Benoît Tiers : La première fois que je me suis intéressé à la SNCF, c'était en 2009. Dès cette époque, j'avais la perception -qui s'est confirmée- du potentiel de transformation numérique de ce groupe.
La SNCF, ne l'oublions pas, c'est 5 milliards de voyages par an, soit 3,5 millions de voyageurs par jour grâce à 15 000 trains quotidiens desservant 3000 gares ! Les chiffres sont impressionnants dès que l'on parle de la SNCF.
Malgré sa taille, la SNCF a toujours été pionnière dans le numérique au sens large. Par exemple, on peut mentionner la création de Voyages-SNCF.com en l'an 2000. Depuis 2015, nous avons commencé à créer des Maisons du Digital, nos « 574 », mais aussi mis en oeuvre des projets structurants de connexions. Et, en 2016, nous avons créé une entité unique pour le numérique au sens large (Télécoms, Digital et Informatique classique), e.SNCF.

CIO : Est-ce que e.SNCF a en charge la totalité de l'informatique ou existe-t-il toujours des DSI par activité séparées ?

Benoît Tiers : C'est une bonne chose que les DSI métiers soient rattachés hiérarchiquement aux métiers.
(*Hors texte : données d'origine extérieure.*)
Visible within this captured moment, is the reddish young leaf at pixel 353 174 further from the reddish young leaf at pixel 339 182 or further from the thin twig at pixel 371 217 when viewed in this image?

Nous avons une gouvernance à deux niveaux et notre Comité de Direction comprend les DSI des activités de SNCF Réseau et SNCF Mobilités ainsi que les dirigeants de e.SNCF ( DSI Groupe, CTO, CDO, CPO, directeur production, etc.).
Par ailleurs, nous avons une Team e.SNCF élargie entre autres à VSCT [Voyages-SNCF Technologies, une filiale de Voyages-SNCF, rattachée à l'activité Voyages, NDLR], filiale dont je suis le président, et à diverses entités régionales rattachées aux différentes régions / activités.



CIO : Quelles sont les missions spécifiques de e.SNCF ?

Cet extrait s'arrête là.